> _PROBLEM DESCRIPTION_
Where an entry contains a picture, skip the picture and write out everything else exactly.

> _MATERIAL SUPPLIED_
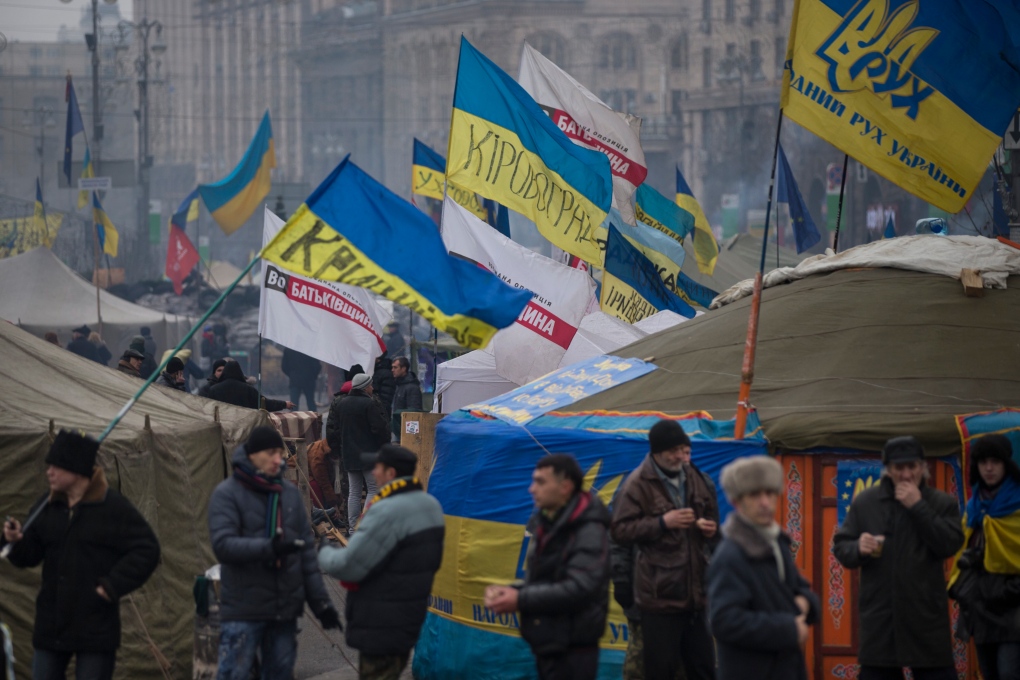 Pro-European Union activists in Kiev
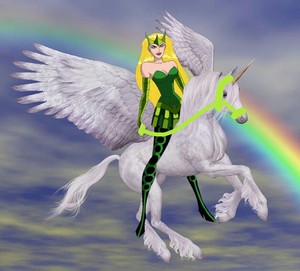  Enchantress riding her new Beautiful Winged Unicorn coursier, steed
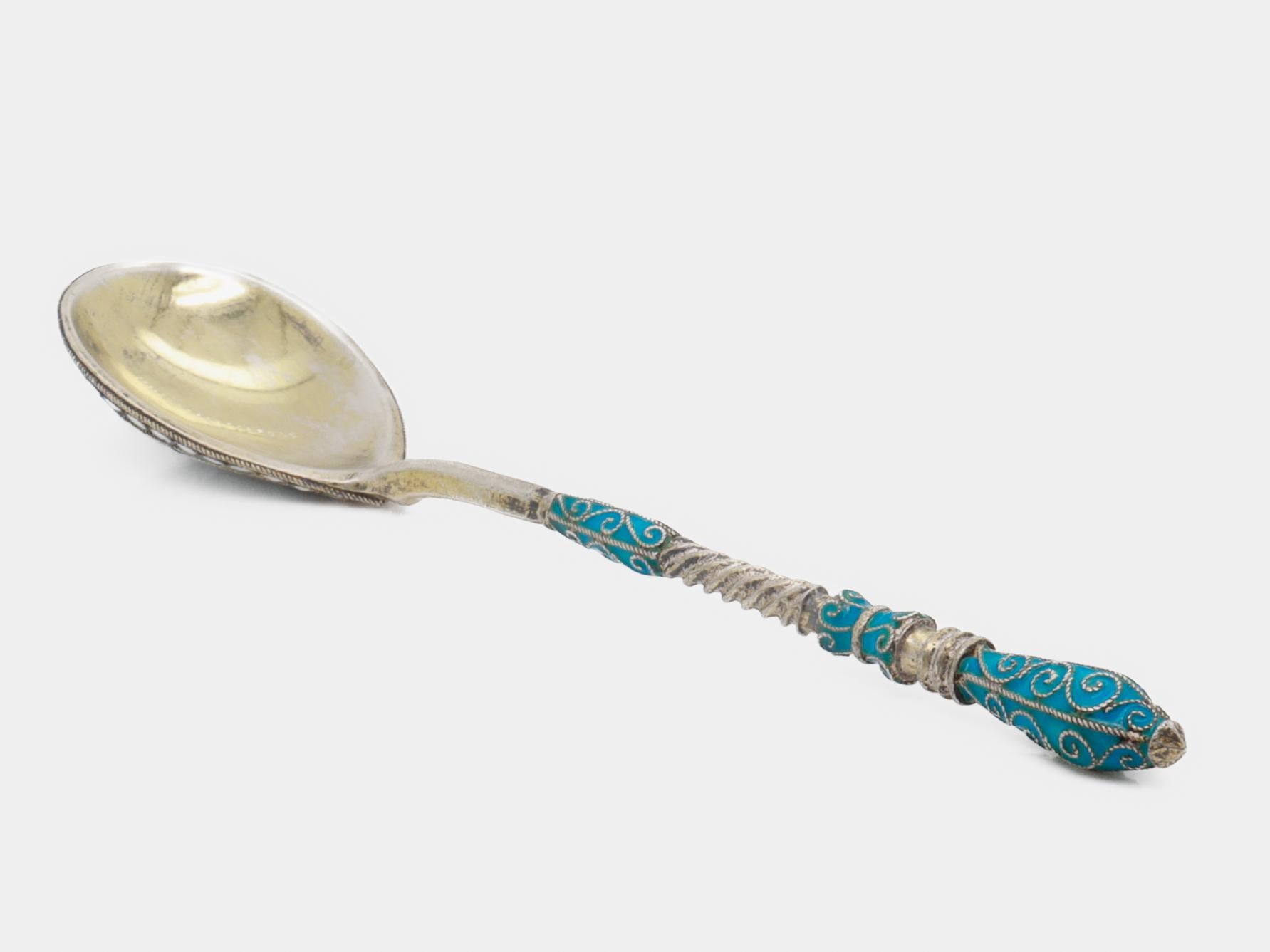 Antico cucchiaio imperiale russo del XIX secolo in argento e smalto cloisonne in vendita 2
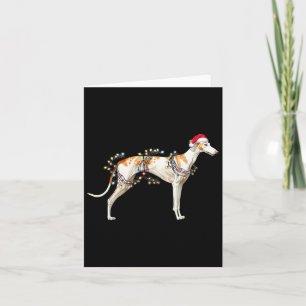 Carte Feu de Noël Casquette de chien Whippet Santa Claus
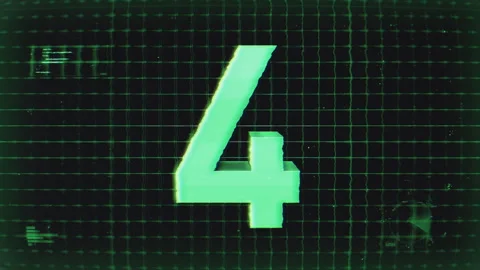 Countdown Digital Hologram Screen Number 4 Stock Footage 293572275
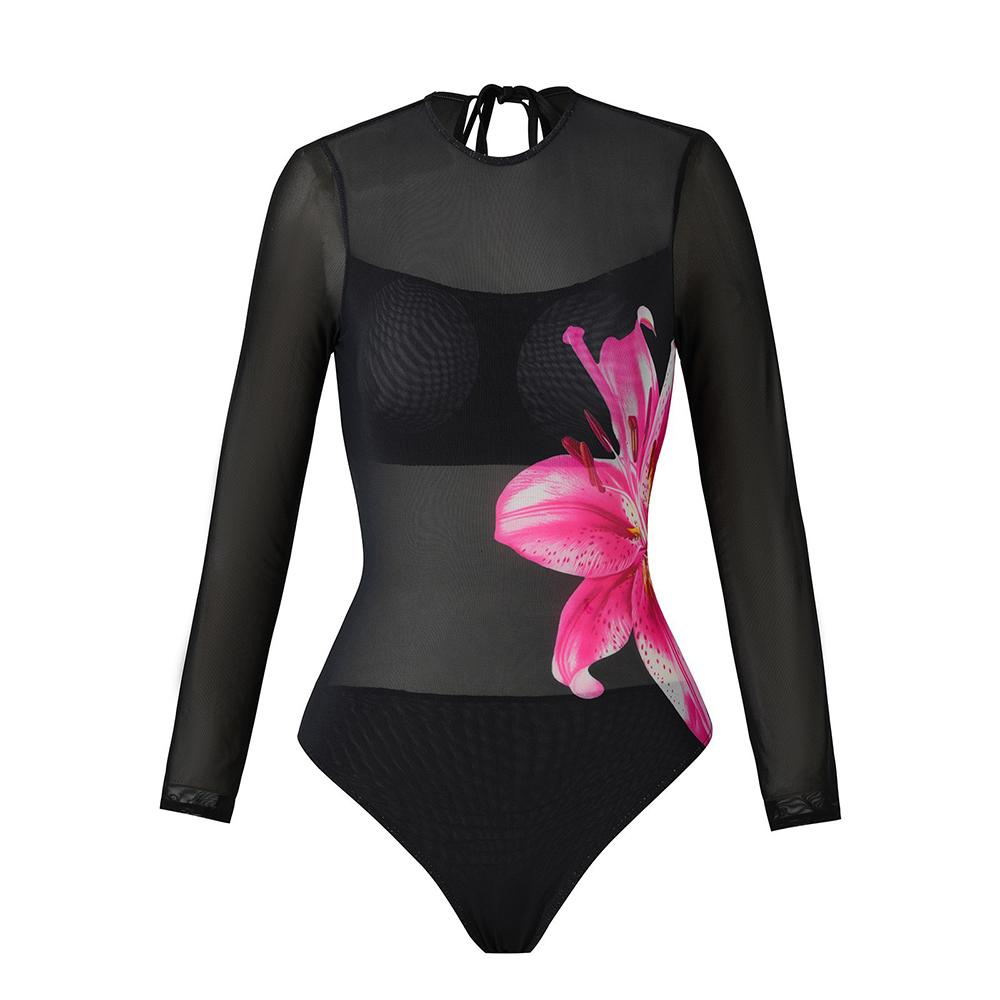 2025 Long Sleeve Sheer Sun Protection One-Piece Set Swimsuit Women Sexy Rash Guard Swimwear Bodysuit Beachwear With Coverup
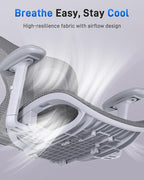 Ergonomic Office Desk Chair, Comfortable Computer Gaming Chair, Breathable Mesh Back & Seat, Adjustable Armrest, Lumbar Support, Butterfly Design for Home Office (Gray)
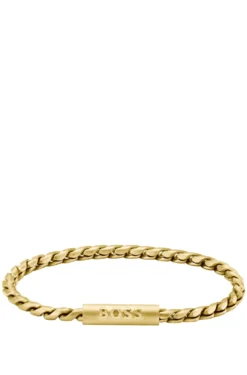 Gold-tone cuff with braided chain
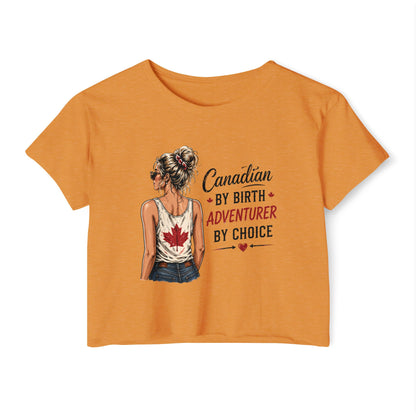 Canadian Adventurer Crop Top – "Canadian by Birth, Adventurer by Choice" Festival Tee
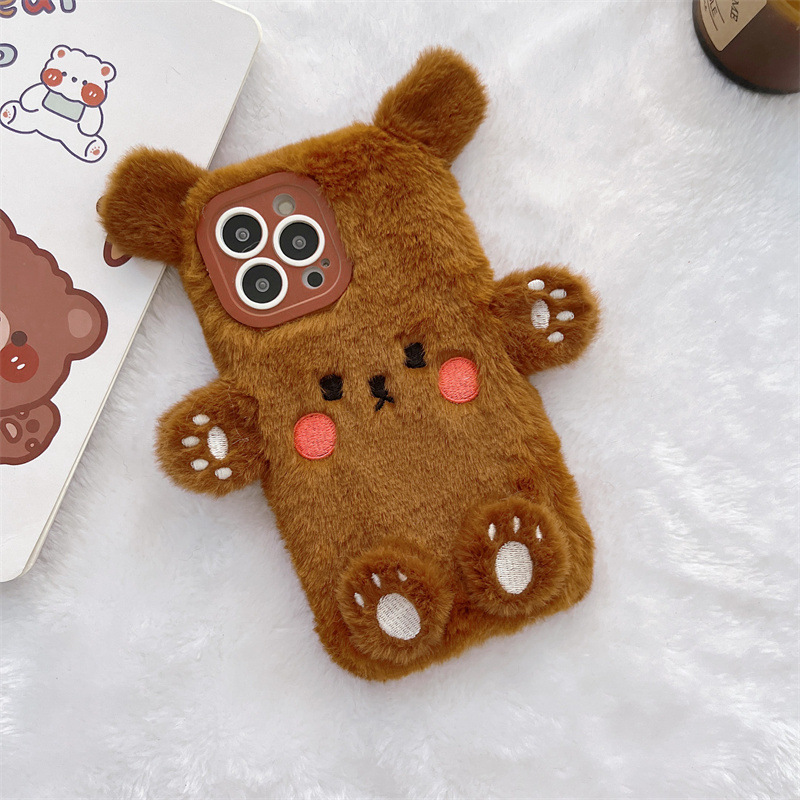 Korean 3D Cartoon Bear Fluffy  - Phone Cases Korean recension och pris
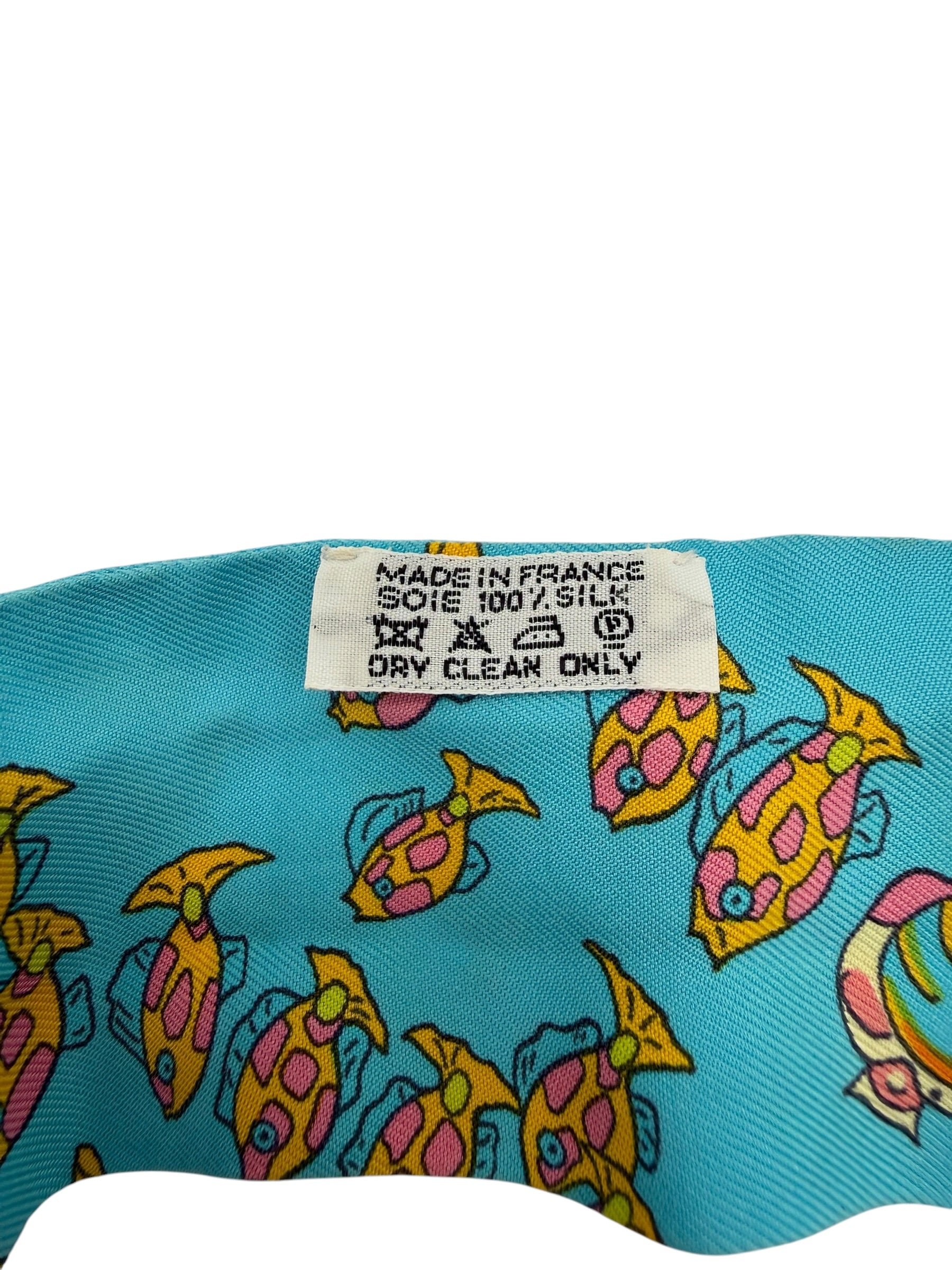 Hermés Twilly Silk Scarf Blue Tropical Fish 33"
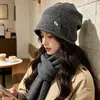 Gorro de Lana Holgado de Cabeza Grande para Mujer, Gorro de Punto Rizado Cálido para Otoño e Invierno, Gorro de Moda para Exteriores de Celebridad de Internet para Clima Frío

> _RESULT OF THIS EXERCISE_
 Pro-European Union activists in Kiev
  Enchantress riding her new Beautiful Winged Unicorn coursier, steed
 Antico cucchiaio imperiale russo del XIX secolo in argento e smalto cloisonne in vendita 2
 Carte Feu de Noël Casquette de chien Whippet Santa Claus
 Countdown Digital Hologram Screen Number 4 Stock Footage 293572275
 2025 Long Sleeve Sheer Sun Protection One-Piece Set Swimsuit Women Sexy Rash Guard Swimwear Bodysuit Beachwear With Coverup
 Ergonomic Office Desk Chair, Comfortable Computer Gaming Chair, Breathable Mesh Back & Seat, Adjustable Armrest, Lumbar Support, Butterfly Design for Home Office (Gray)
 Gold-tone cuff with braided chain
 Canadian Adventurer Crop Top – "Canadian by Birth, Adventurer by Choice" Festival Tee
 Korean 3D Cartoon Bear Fluffy  - Phone Cases Korean recension och pris
 Hermés Twilly Silk Scarf Blue Tropical Fish 33"
 Gorro de Lana Holgado de Cabeza Grande para Mujer, Gorro de Punto Rizado Cálido para Otoño e Invierno, Gorro de Moda para Exteriores de Celebridad de Internet para Clima Frío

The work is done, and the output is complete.